§ **Exercise instructions**: Go through the listing below. Copy each line that has the string "Property".

----

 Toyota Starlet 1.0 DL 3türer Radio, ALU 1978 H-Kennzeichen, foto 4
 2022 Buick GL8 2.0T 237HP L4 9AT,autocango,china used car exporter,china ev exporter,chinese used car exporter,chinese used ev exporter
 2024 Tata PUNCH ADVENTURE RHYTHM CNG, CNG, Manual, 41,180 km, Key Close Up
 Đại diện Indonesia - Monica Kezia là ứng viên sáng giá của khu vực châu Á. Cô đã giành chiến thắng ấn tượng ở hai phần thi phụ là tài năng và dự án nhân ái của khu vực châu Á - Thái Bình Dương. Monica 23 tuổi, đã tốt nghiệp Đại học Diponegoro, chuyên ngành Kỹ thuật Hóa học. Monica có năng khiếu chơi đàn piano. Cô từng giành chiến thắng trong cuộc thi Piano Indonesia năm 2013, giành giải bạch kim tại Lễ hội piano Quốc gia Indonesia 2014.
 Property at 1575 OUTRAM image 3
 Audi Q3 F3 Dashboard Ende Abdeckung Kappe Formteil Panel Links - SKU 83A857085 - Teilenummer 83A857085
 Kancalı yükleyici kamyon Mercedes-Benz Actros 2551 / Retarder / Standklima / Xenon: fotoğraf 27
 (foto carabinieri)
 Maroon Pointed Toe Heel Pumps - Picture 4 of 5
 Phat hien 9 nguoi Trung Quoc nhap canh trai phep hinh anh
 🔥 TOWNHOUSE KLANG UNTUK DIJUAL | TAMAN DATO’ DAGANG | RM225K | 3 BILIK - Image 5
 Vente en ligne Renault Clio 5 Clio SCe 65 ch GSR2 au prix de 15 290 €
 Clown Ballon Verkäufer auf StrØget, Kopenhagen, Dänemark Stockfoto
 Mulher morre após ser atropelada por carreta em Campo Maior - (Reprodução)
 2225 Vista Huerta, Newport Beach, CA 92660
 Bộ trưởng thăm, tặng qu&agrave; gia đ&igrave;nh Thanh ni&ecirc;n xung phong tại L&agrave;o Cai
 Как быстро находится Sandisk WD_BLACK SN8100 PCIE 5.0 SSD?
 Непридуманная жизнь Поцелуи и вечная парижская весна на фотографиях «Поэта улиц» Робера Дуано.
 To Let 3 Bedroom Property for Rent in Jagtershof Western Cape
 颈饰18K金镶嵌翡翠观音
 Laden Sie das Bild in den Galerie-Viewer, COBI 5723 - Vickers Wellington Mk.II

----

§ **Solution to the exercise**:
 Property at 1575 OUTRAM image 3
 To Let 3 Bedroom Property for Rent in Jagtershof Western Cape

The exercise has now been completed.